● **EXERCISE DIRECTIONS**: In the entries below, count the lines that hold the string "Fashion" and state only that count.

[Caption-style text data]
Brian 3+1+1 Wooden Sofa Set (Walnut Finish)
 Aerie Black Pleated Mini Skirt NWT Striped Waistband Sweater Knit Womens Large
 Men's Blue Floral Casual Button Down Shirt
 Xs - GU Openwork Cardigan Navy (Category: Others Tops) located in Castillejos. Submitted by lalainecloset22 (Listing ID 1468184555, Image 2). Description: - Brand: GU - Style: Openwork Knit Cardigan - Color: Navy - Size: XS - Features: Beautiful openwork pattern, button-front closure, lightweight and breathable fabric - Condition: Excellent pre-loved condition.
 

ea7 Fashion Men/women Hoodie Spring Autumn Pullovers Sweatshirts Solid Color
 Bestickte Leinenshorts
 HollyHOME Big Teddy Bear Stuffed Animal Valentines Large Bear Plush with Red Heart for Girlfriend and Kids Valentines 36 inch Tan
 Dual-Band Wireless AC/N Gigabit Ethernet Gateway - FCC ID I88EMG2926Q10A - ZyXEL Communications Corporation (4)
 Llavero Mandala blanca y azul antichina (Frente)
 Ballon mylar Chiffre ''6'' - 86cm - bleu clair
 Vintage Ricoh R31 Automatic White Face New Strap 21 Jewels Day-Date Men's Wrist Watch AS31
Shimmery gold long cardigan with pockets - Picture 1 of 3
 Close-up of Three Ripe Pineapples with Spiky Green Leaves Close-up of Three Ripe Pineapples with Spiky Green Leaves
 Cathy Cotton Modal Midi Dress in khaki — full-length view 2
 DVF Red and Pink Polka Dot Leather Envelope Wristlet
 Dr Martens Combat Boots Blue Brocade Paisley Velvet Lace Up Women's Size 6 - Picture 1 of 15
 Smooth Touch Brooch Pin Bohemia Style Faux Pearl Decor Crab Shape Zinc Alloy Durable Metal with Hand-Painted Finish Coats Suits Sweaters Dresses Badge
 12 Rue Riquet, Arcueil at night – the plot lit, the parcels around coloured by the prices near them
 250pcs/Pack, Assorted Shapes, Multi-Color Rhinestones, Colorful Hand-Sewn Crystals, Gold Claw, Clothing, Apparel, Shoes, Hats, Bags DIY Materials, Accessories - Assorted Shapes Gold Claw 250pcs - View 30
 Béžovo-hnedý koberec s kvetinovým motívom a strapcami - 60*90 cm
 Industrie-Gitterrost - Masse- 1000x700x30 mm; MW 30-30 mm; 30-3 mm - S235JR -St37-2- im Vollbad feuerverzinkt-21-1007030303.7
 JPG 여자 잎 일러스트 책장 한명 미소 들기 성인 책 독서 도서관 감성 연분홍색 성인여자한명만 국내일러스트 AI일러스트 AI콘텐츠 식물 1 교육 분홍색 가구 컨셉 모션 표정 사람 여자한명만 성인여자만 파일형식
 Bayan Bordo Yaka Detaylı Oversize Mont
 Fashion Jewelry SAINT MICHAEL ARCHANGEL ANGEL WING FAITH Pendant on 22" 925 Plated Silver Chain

● **SOLVED PROBLEM**: 2